= YOUR GOAL =
With all images omitted, write out the records word for word.

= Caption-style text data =
=== Begin Enclosure ===
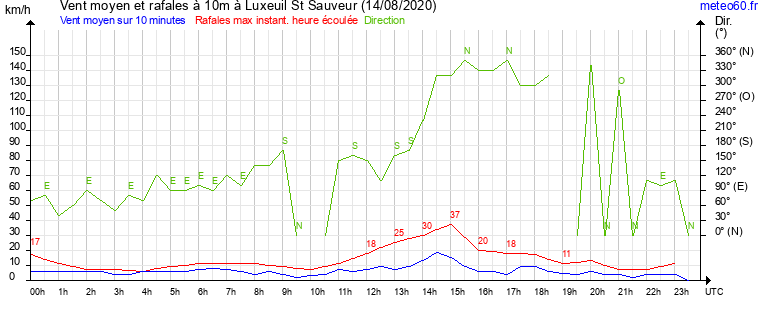 vent moyen et rafales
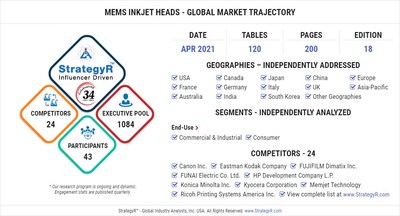 Global MEMS Inkjet Heads Market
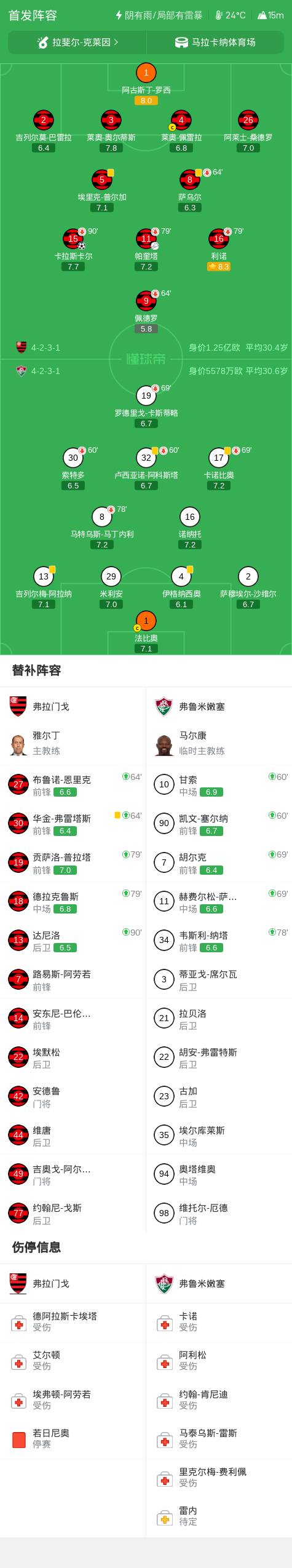 了解BG真人试玩
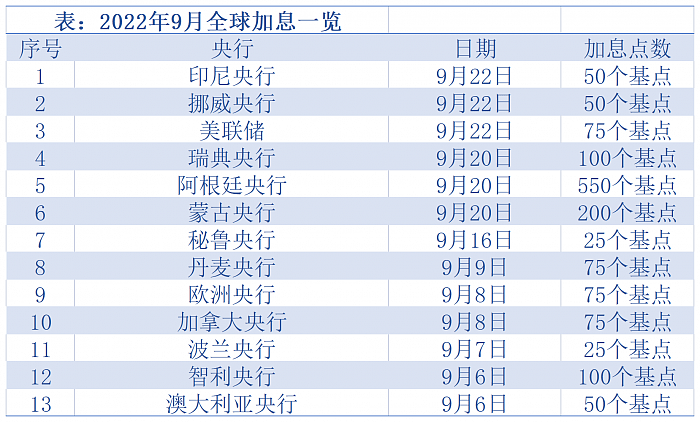 日本罕见出手干预汇率，日元急拉500点！超13国央行集体加息（组图） - 6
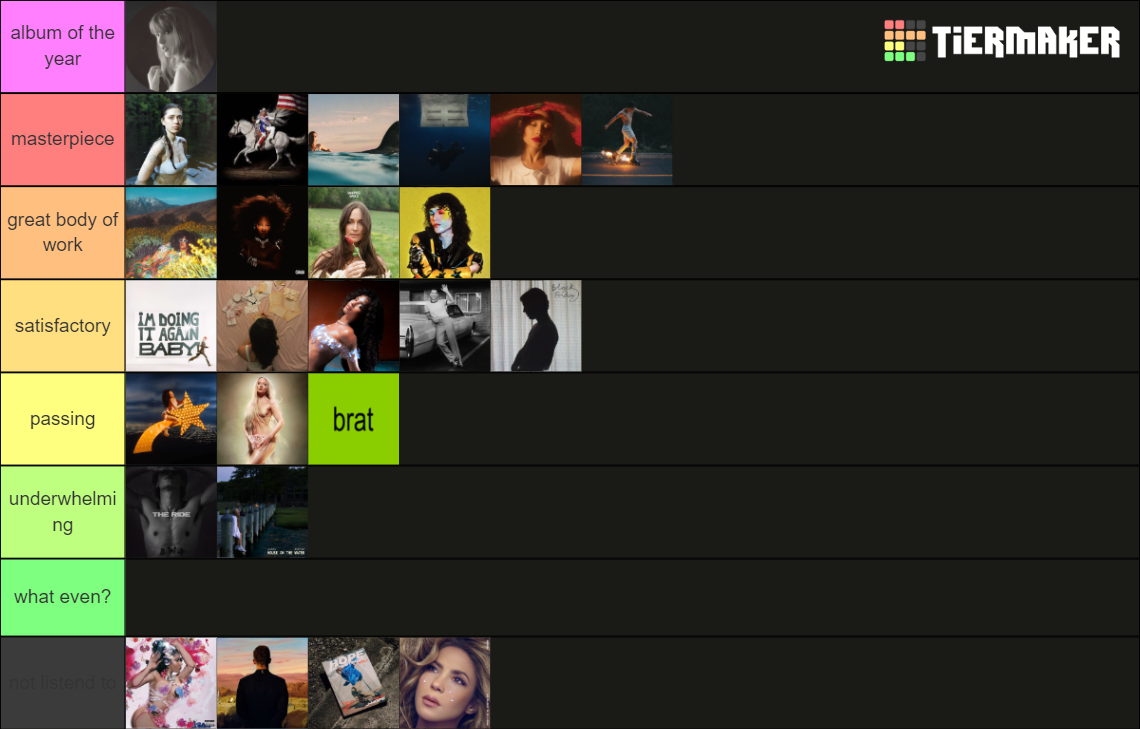 albums of 2024 Tier List (Community Rankings) - TierMaker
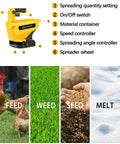 Diagram showing features of a handheld power spreader for Dewalt 20V and 60V Li Ion batteries battery not included with uses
=== End Enclosure ===
= ANSWER SPACE =
 vent moyen et rafales
 Global MEMS Inkjet Heads Market
 了解BG真人试玩
 日本罕见出手干预汇率，日元急拉500点！超13国央行集体加息（组图） - 6
 albums of 2024 Tier List (Community Rankings) - TierMaker
 Diagram showing features of a handheld power spreader for Dewalt 20V and 60V Li Ion batteries battery not included with uses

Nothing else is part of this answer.